Tipps

  • Mehrere Größen. Leisten Sie sich Pfannen in verschiedenen Größen. Mindestens eine kleine und eine große. Etwa eine mit 18 und eine mit 28 Zentimetern Durchmesser.
  • Passende Pfanne. Wählen Sie die Pfanne passend zur Menge des Bratguts aus. Der Pfannenboden sollte bei beschichteten Pfannen gleichmäßig heiß und gut bedeckt sein. Das schont die Beschichtung und gibt ein gutes Bratergebnis. Eine große Pfanne für ein einzelnes Spiegelei wäre nicht sinnvoll. Füllen Sie die Pfanne andererseits nicht zu voll. Sonst wird das Bratgut eher gekocht als gebraten.
  • Griffe prüfen. Rütteln Sie vor dem Kauf an den Griffen: Sind sie stabil und nicht zu klein? Geschraubte Griffe können Sie später wieder anziehen. Holz- und Kunststoffgriffe sind nicht ofenfest – zumindest nicht bei hohen Temperaturen.
  • Mäßige Hitze. Erhitzen Sie die Pfanne nicht zu stark. Beschichtete Pfannen sind empfindlich. Schon bei 200 bis 250 Grad leidet die Beschichtung. Sie verfärbt sich allmählich braun und blättert nach und nach ab. Erhitzen Sie beschichtete Pfannen nicht ohne Inhalt.
  • Margarine oder Öl. Braten Sie mit Margarine, Raps- oder Olivenöl. Heiß, aber nicht heißer als 170 Grad. Vorteil: Ihr Bratgut bekommt schnell Farbe. Kartoffeln werden knusprig, Fleisch bleibt innen saftig, Gemüse knackig. Bei höheren Temperaturen entsteht mehr Acrylamid.

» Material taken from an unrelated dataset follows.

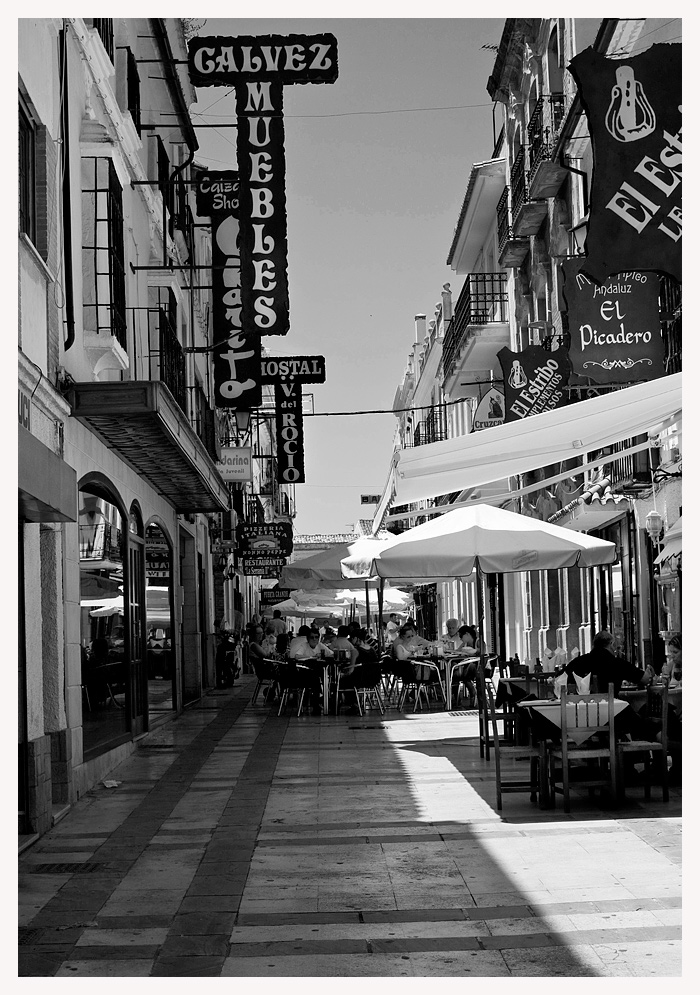 Ronda-Street-Cafe-bw.jpg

  • Wenig Fett. Beschichtete Pfannen ermöglichen das Braten auch ohne Fett. Geben Sie dennoch etwas Fett in die Pfanne. Fett schont die Antihaftbeschichtung und verstärkt den Geschmack. Legen Sie das Bratgut schon bei mittleren Temperaturen ein: etwa wenn das Fett anfängt zu brutzeln.
  • Steak. Bepinseln Sie Steaks vor dem Braten mit Öl. Dann können Sie das Fleisch ohne weitere Fettzugabe braten.
  • Technik. Spitzenköche geben das Fett erst in die heiße Pfanne. Für beschichtete Pfannen ist diese Technik nicht geeignet. Verwenden Sie Pfannen aus Edelstahl oder Gusseisen, wenn Sie wie die Profis kochen wollen.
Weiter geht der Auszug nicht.